Prix
Je n'aurai pas de prix littéraire, les libraires m'ont boudé, je suis accablé. On dit que Le Clézio m'a privé du Renaudot. C'est possible, il est tellement rêveur. Nous jouons dans le même film depuis des années, lui le bon, moi le méchant, Modiano ambigu, Angot et Houellebecq au saloon, Quignard en pasteur ascétique. Dans la dernière scène du western, on voit Le Clézio partir vainqueur dans le soleil couchant, pendant que, dans le cimetière, ma main se crispe une dernière fois sur la poignée de dollars que je n'atteindrai jamais.
Jouer sa propre agonie n'est pas si facile, et pourtant je ne m'en lasse pas.

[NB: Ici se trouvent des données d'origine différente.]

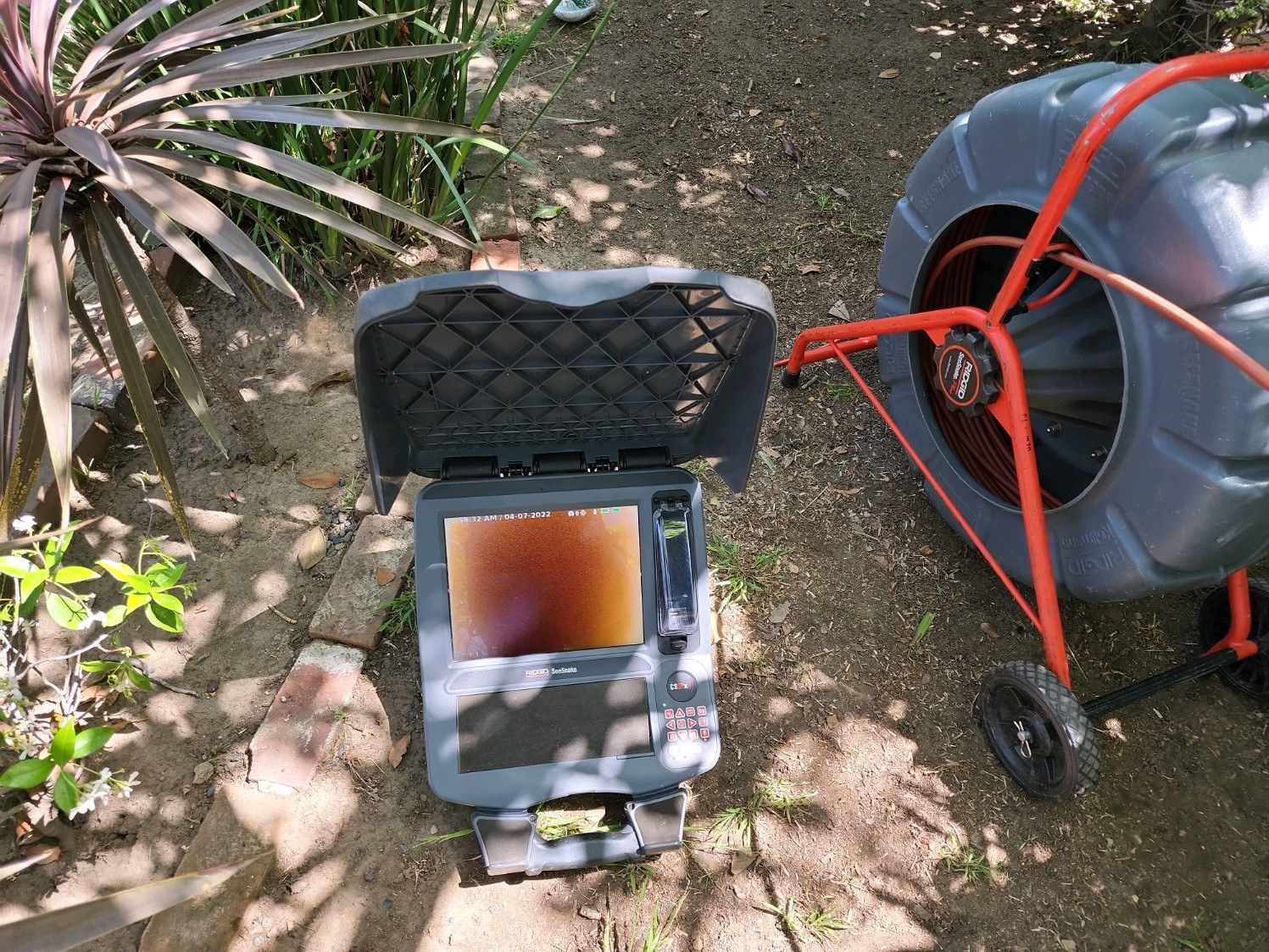 Sewer camera monitor and reel positioned at an Anytime Jetting field work site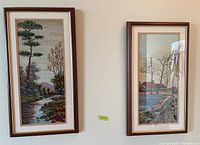 Photo shows two framed needlepoint art pieces hanging side by side on a wall, both with rural scenes and similar framing.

Pourrais-je incarner un jour le bon cow-boy sur fond de déferlante musicale ? M'éloigner fier et dédaigneux dans le désert mexicain ? Non, rien à faire, chacun doit jouer son rôle. Le pasteur Quignard m'enterrera vite avec quelques mots en latin. Angot et Houellebecq boiront à ma mémoire au saloon. Modiano dira à mon sujet une phrase rapide et incompréhensible à la banque. De là à titrer, comme Le Figaro Magazine : « Guerre civile chez Gallimard », il y a un abîme. C'était du cinéma, voyons.